[Start of section]

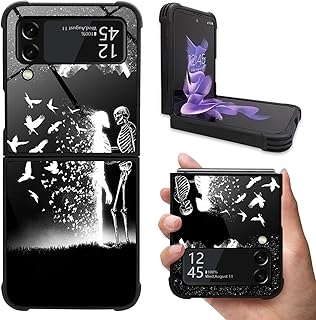 CARLOCA Compatible with Samsung Galaxy Z Flip 3 5G Case,Black White Skull Moon Bird Samsung Galaxy Z Flip 3 5G Cases,Fashion Graphic Design Shockproof Anti-Scratch Drop Samsung Z Flip 3 5G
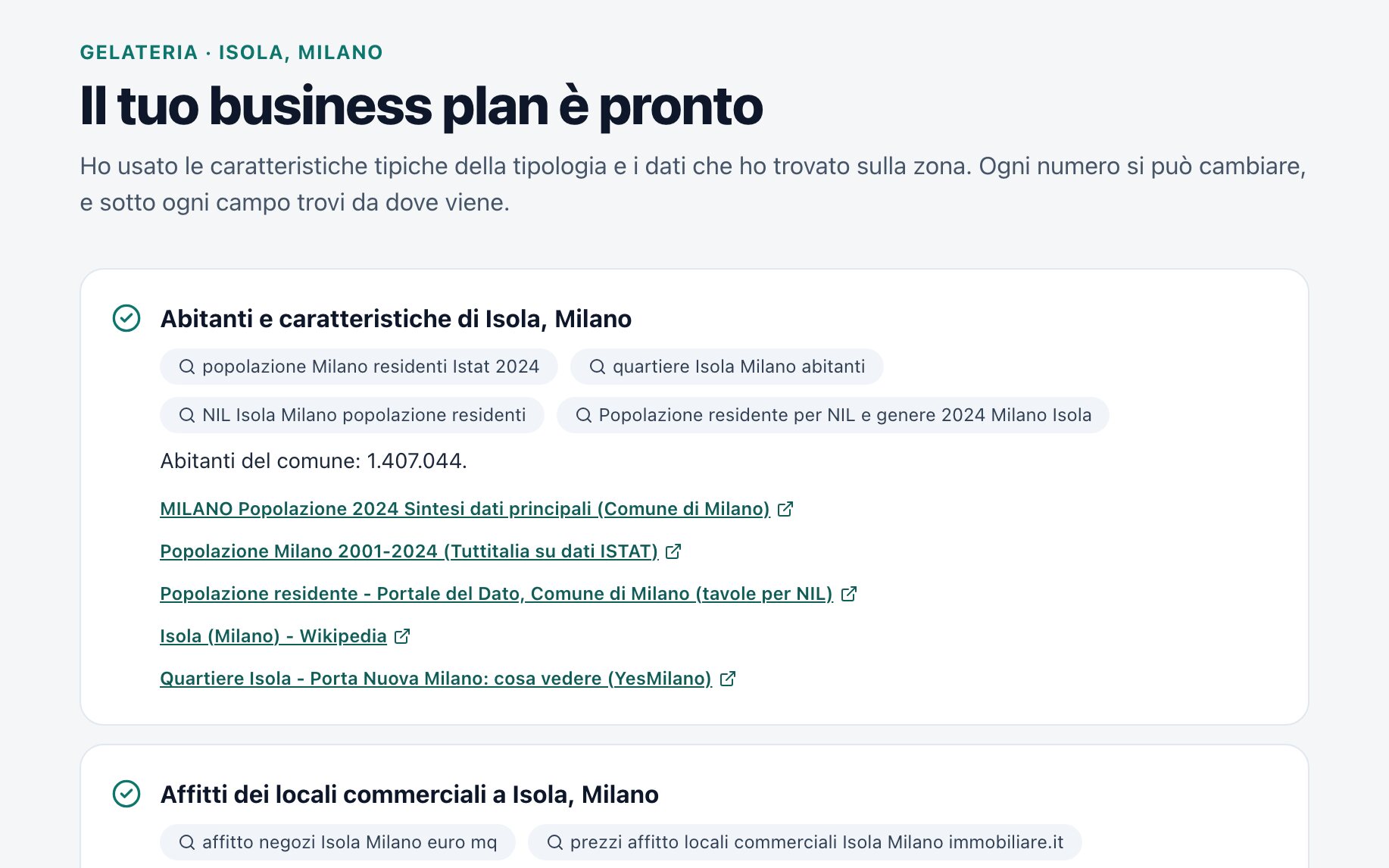 Business Plan Facile: le ricerche sulla zona di Isola, a Milano, con le fonti trovate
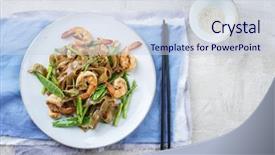  Presentation with noodles - Slide deck having king prawns with rice noodles background and a lemonade colored foreground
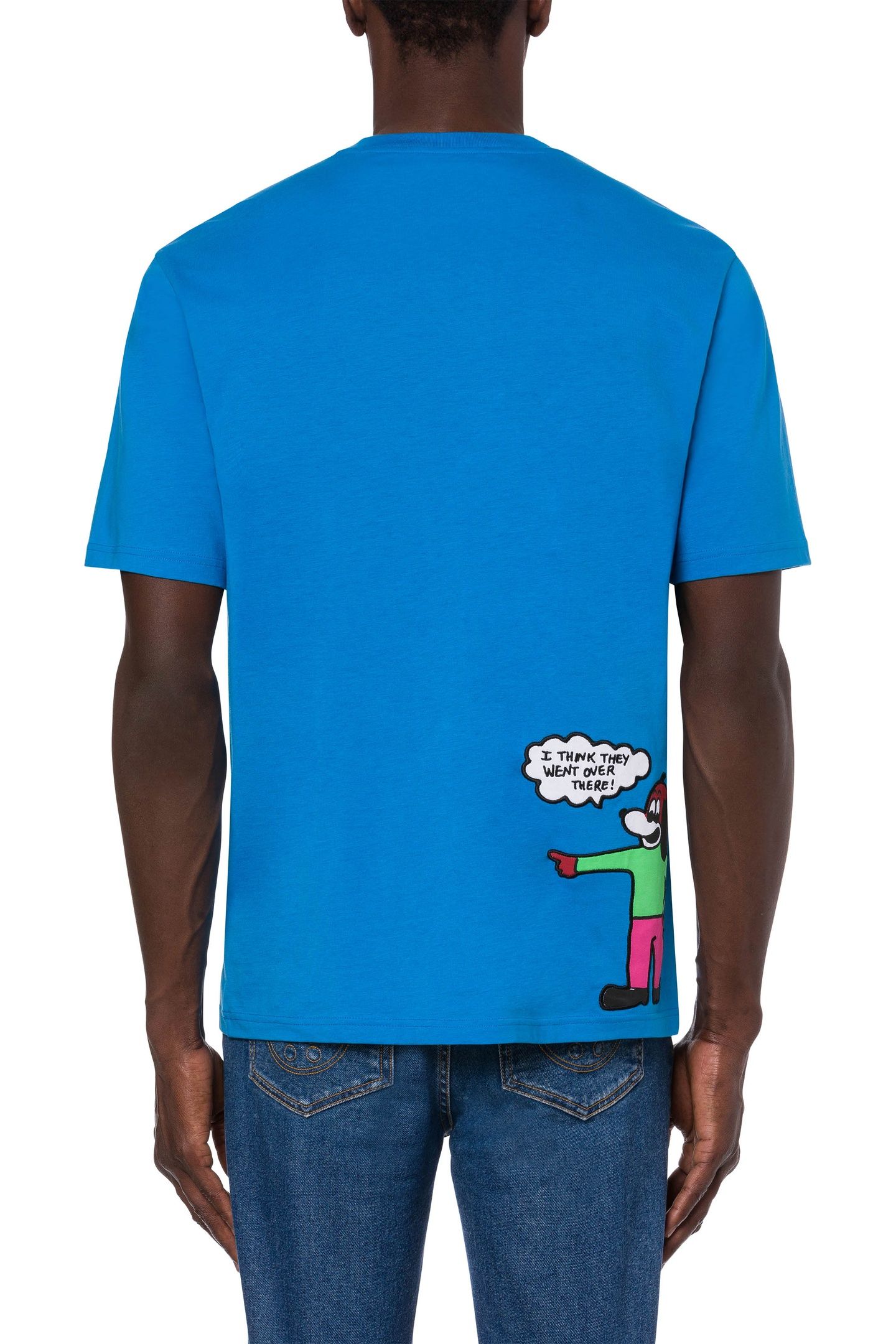 MOSCHINO COMICS CHARACTERS ORGANIC JERSEY T-SHIRT BLUE 2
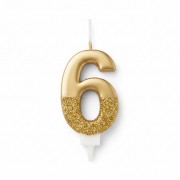 Золоті цифрові свічки з глітером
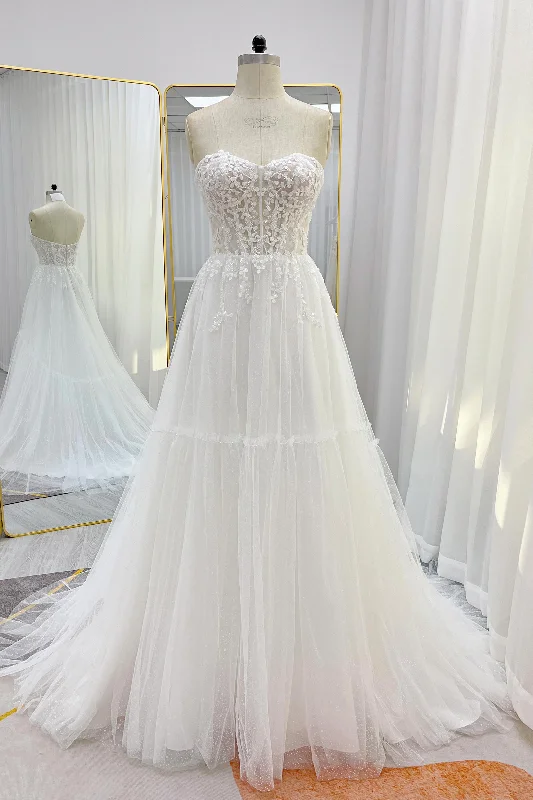 A-Line Court Train Lace Tulle Wedding Dress CW3229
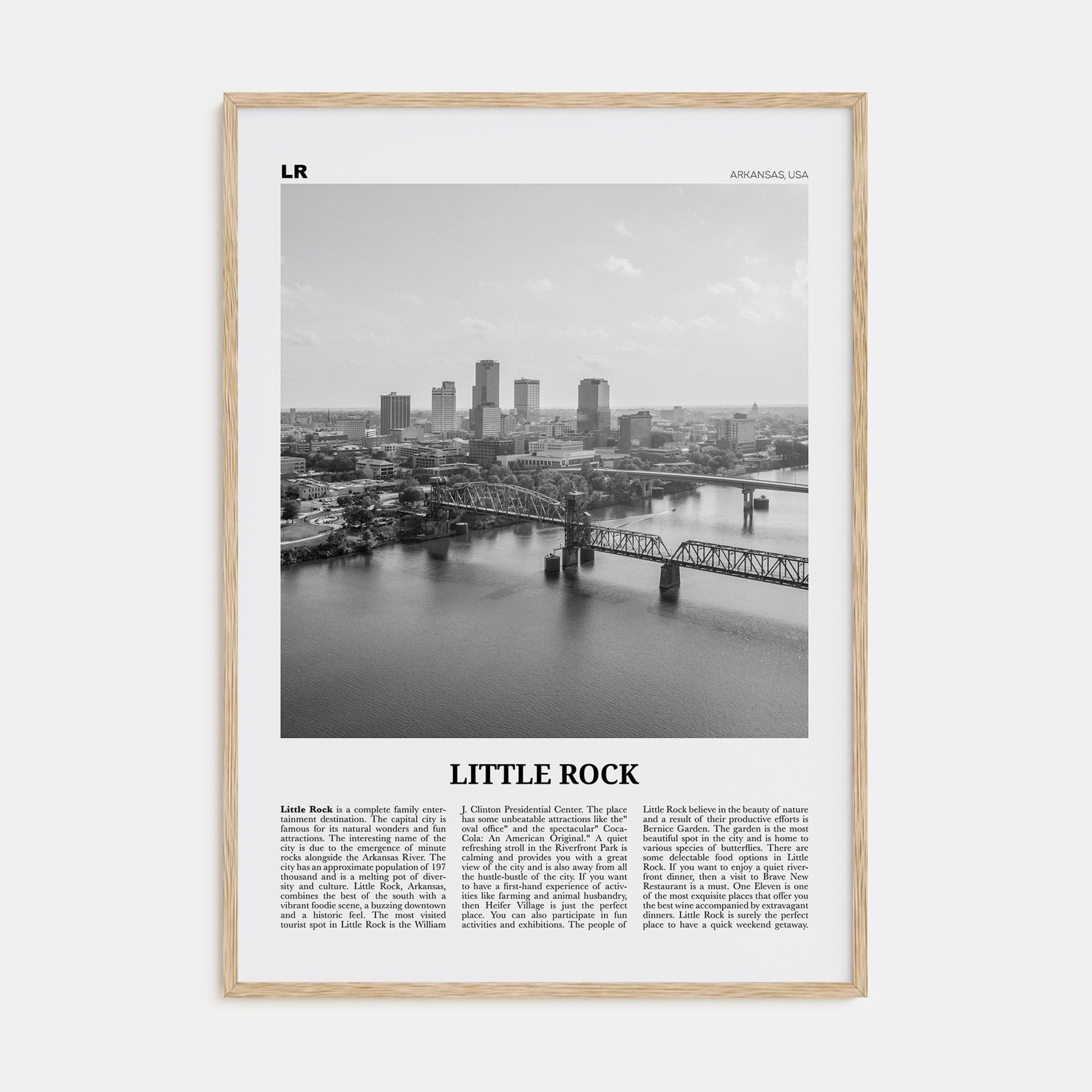 Little Rock Poster Natural Wood / 8x12 in Nbourhood Travel B&W Poster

[End of section]

## PROBLEM DETAILS
Transcribe the data exactly and leave no picture in the copy.

## FINISHED TASK
 CARLOCA Compatible with Samsung Galaxy Z Flip 3 5G Case,Black White Skull Moon Bird Samsung Galaxy Z Flip 3 5G Cases,Fashion Graphic Design Shockproof Anti-Scratch Drop Samsung Z Flip 3 5G
 Business Plan Facile: le ricerche sulla zona di Isola, a Milano, con le fonti trovate
  Presentation with noodles - Slide deck having king prawns with rice noodles background and a lemonade colored foreground
 MOSCHINO COMICS CHARACTERS ORGANIC JERSEY T-SHIRT BLUE 2
 Золоті цифрові свічки з глітером
 A-Line Court Train Lace Tulle Wedding Dress CW3229
 Little Rock Poster Natural Wood / 8x12 in Nbourhood Travel B&W Poster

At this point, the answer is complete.